PROBLEM DESCRIPTION: Below this line are records; write out exactly the lines from the one containing "T-shirts a maniche" through the one containing "Cartoon Friction Car", with the pictures left out.

SOURCE MATERIAL:

* * * * * * * * *

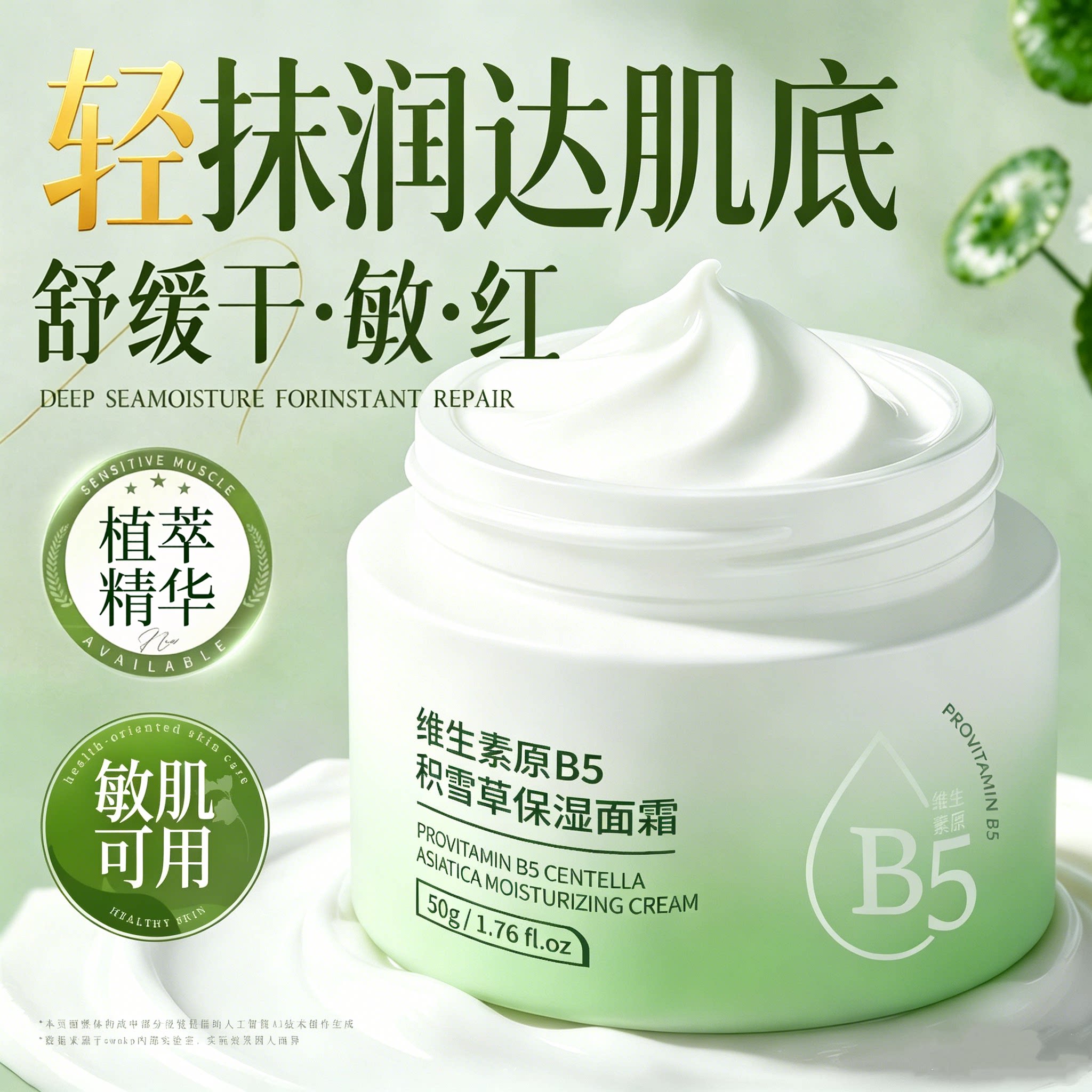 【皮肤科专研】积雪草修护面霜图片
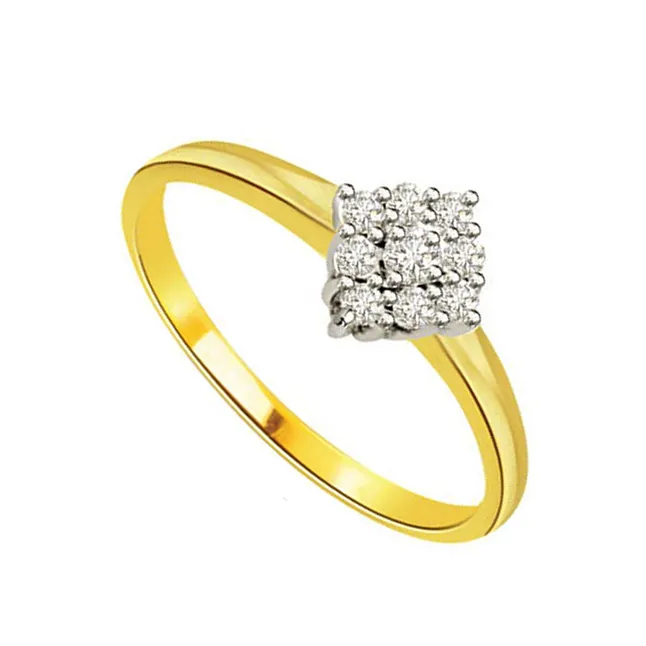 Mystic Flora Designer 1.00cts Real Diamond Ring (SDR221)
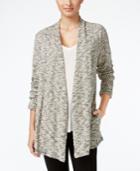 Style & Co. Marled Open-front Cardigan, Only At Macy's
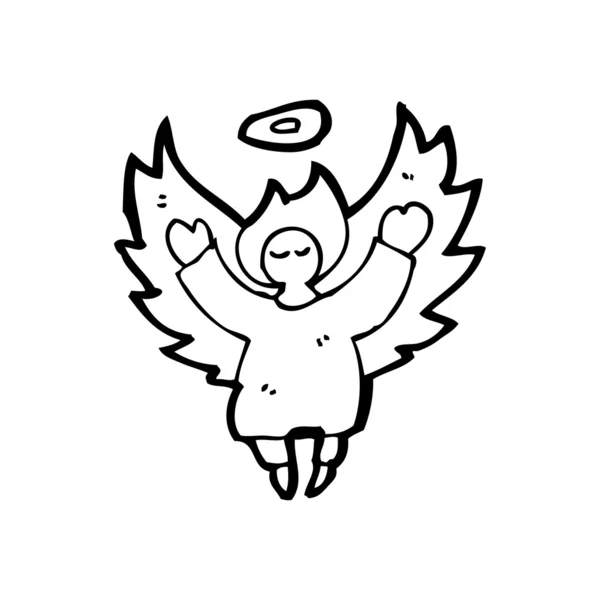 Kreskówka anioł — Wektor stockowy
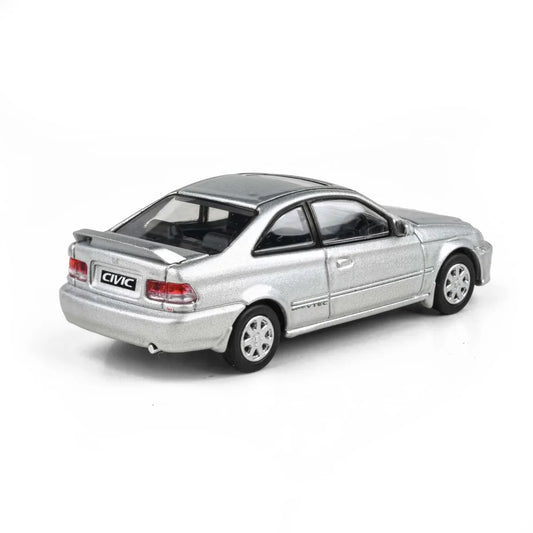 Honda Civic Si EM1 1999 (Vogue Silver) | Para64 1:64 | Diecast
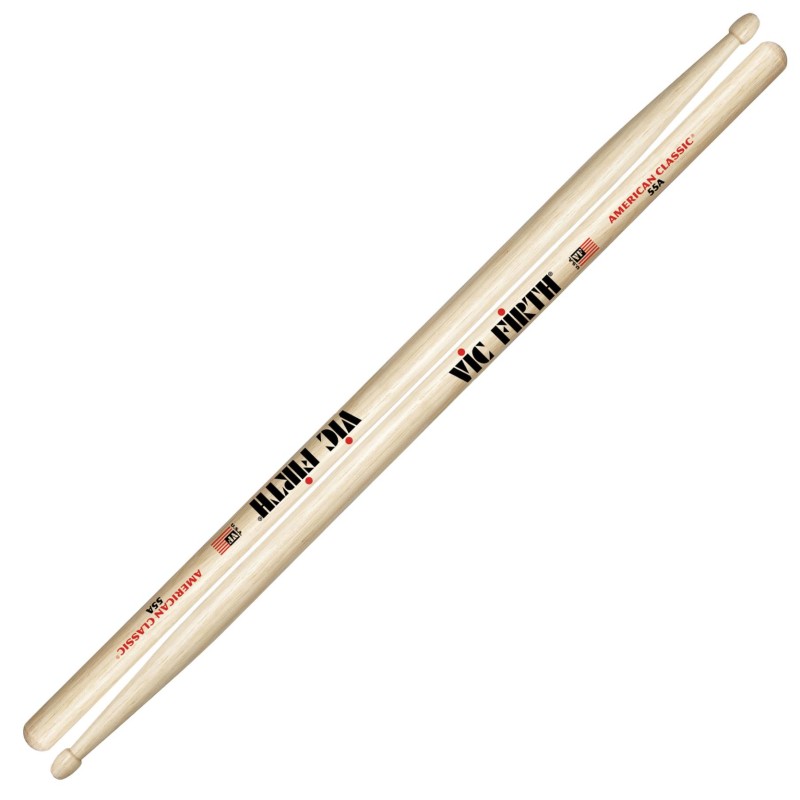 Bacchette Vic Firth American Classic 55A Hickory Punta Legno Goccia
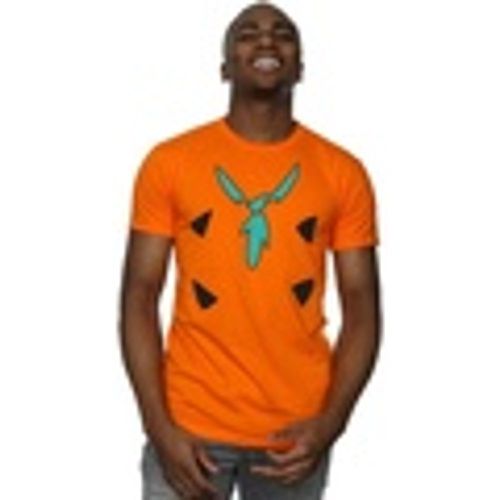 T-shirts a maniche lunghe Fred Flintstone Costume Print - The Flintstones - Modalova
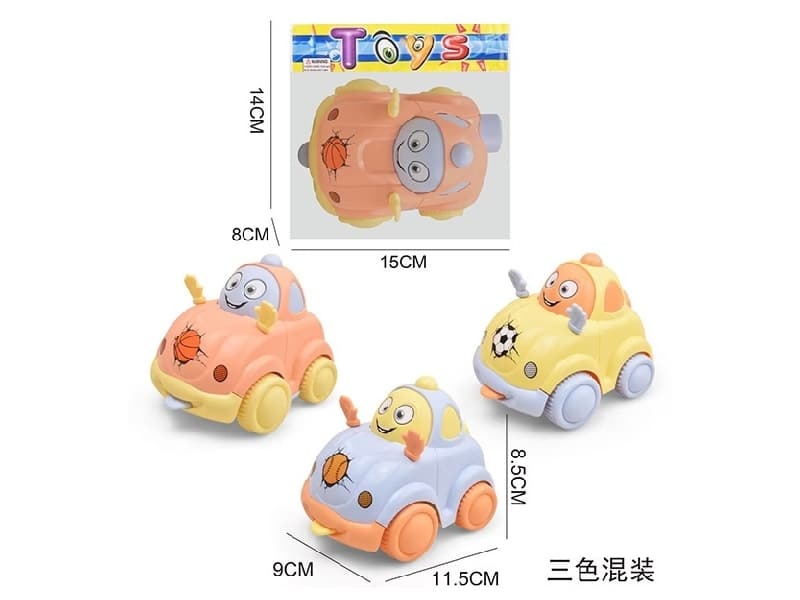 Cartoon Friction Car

* * * * * * * * *

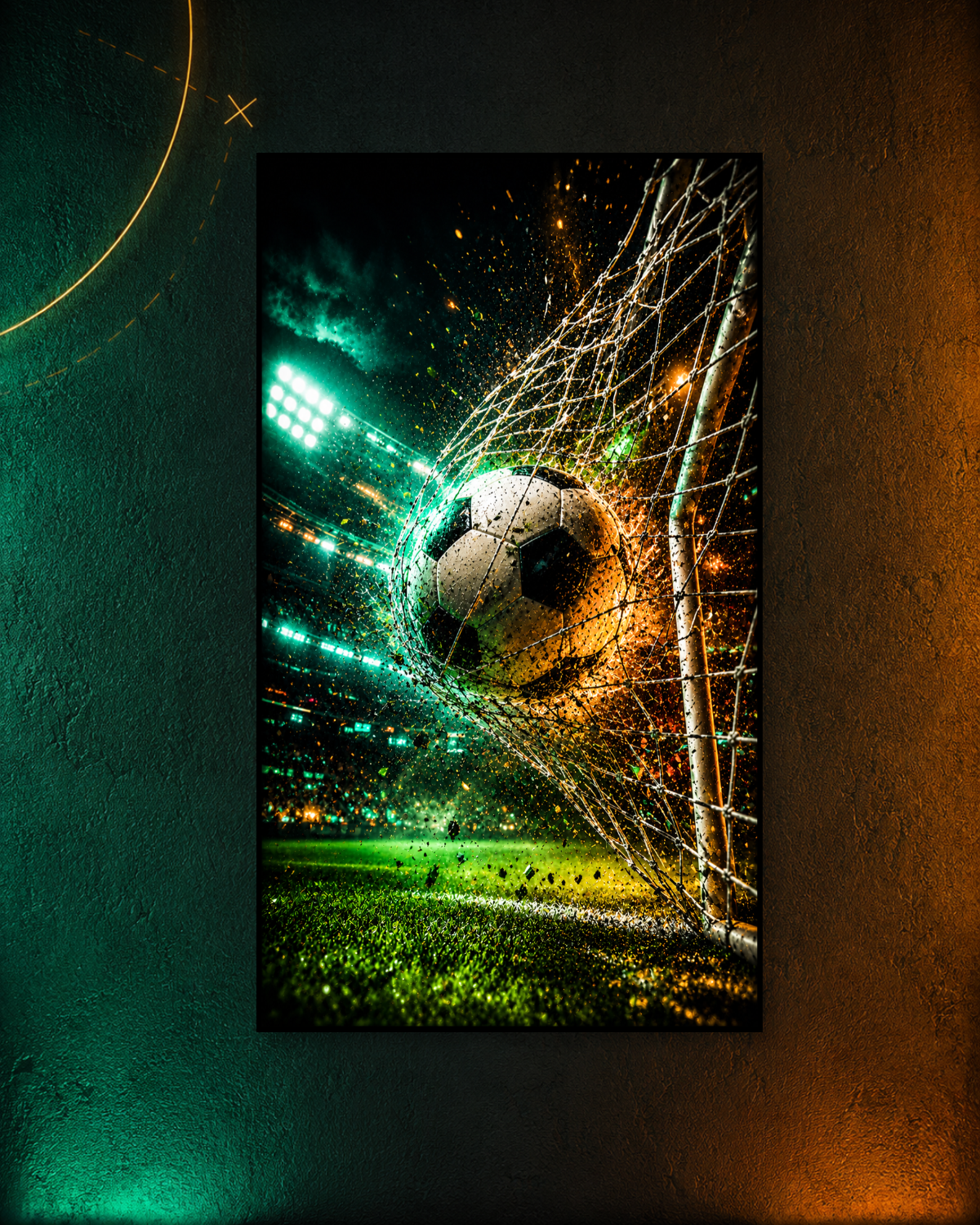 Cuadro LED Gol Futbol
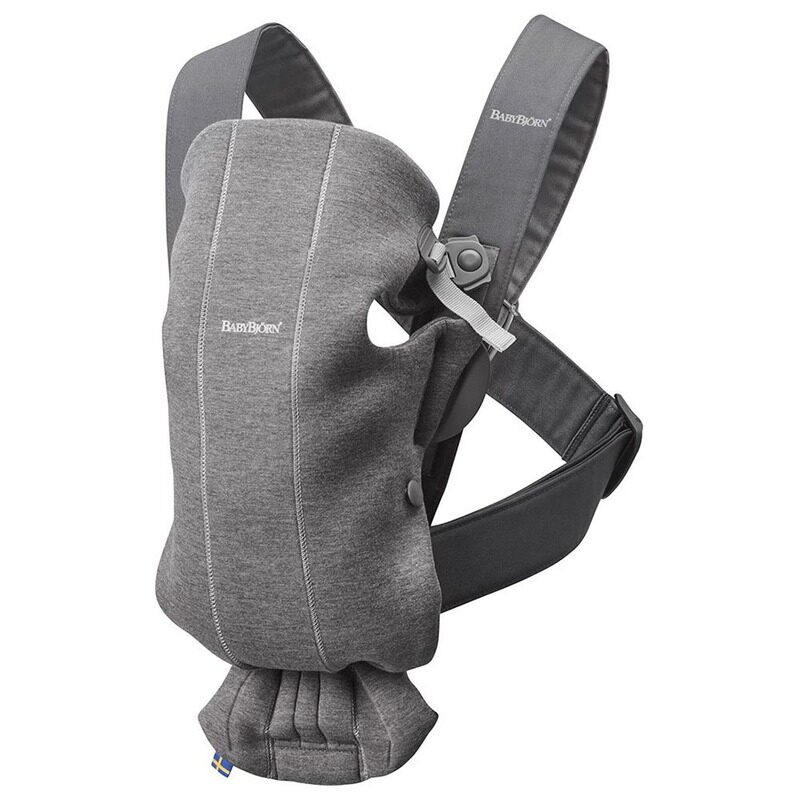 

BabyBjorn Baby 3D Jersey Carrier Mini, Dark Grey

* * * * * * * * *

SOLUTION TO THIS TASK:
 T-shirts a maniche lunghe Fred Flintstone Costume Print - The Flintstones - Modalova
 Cartoon Friction Car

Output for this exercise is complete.